Decibel levels at these transit stations averaged from the high 70s to the high 80s, according to the study, written by Alexander Schaffer at the UCLA Luskin Center for Innovation. That's like a loud vacuum cleaner running circles around you or hearing a propeller plane fly a thousand feet overhead. It's not so bad in short doses, but when your train is 20 minutes away, the racket can start to get to anyone. Though some health problems can be associated with prolonged exposure to loud noises, Schaffer argues that the greater issue is the pure annoyance of the sound.

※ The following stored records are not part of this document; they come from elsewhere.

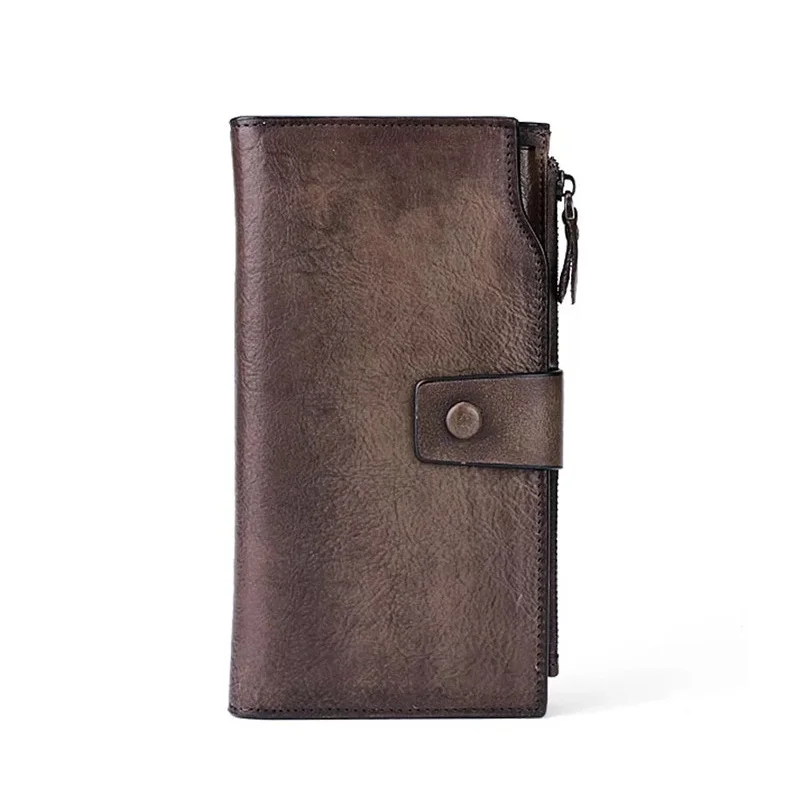 

Unique Designer Unisex Genuine Cow Leather Long Card Wallet Purse Super Large Capacity Cowhide Men Women Hasp Clutch Coin Wallet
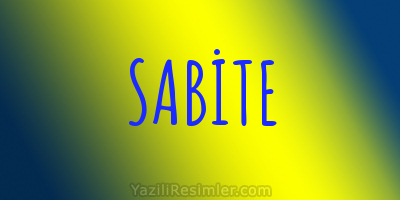 SABİTE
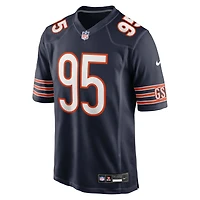 Men's Nike Shemar Turner  Navy Chicago Bears Team Game Jersey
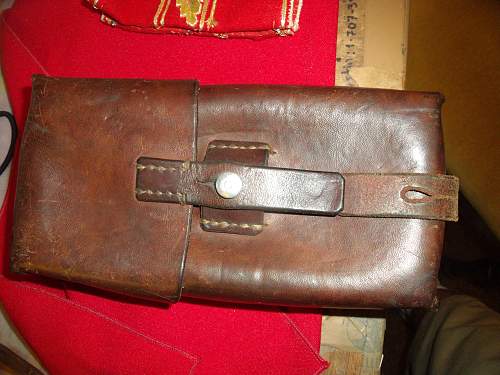Leather ammo/medic pouch?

Depending on the station design, riders could be standing anywhere from 10 to 20 feet from the nearest traffic lane. And though barriers exist between the freeway traffic and the transit customers, it's usually not significant enough to reduce the incessant noise. But simple fixes can be made to cut down that noise. Schaffer recommends installing benches with high backs that can help reduce the amount of sound waiting passengers experience, installing enclosed shelters like at typical street bus stops, or building sound walls in between car traffic and the stations. Sound walls, which would be the most effective noise reduction strategy, could cut noise on station platforms by 13 to 14 decibels. That's like having a normal conversation in a restaurant.
Schaffer believes these small changes could vastly reduce the annoyance experienced by many riders on these mid-freeway stations. He argues that transit systems should make better consideration of the sound environments of the areas where they plan future transit stations, especially on these easily usable rights of way in the middle of freeways.
While locating stations along highways may initially be cheaper and easier than building them on or near surface streets, the experience for passengers waiting at these stations is unpleasant and may drive away potential transit users. The apparent cost savings in construction costs may be offset by the loss of passengers and the hidden costs of health problems suffered by those who do use the stations.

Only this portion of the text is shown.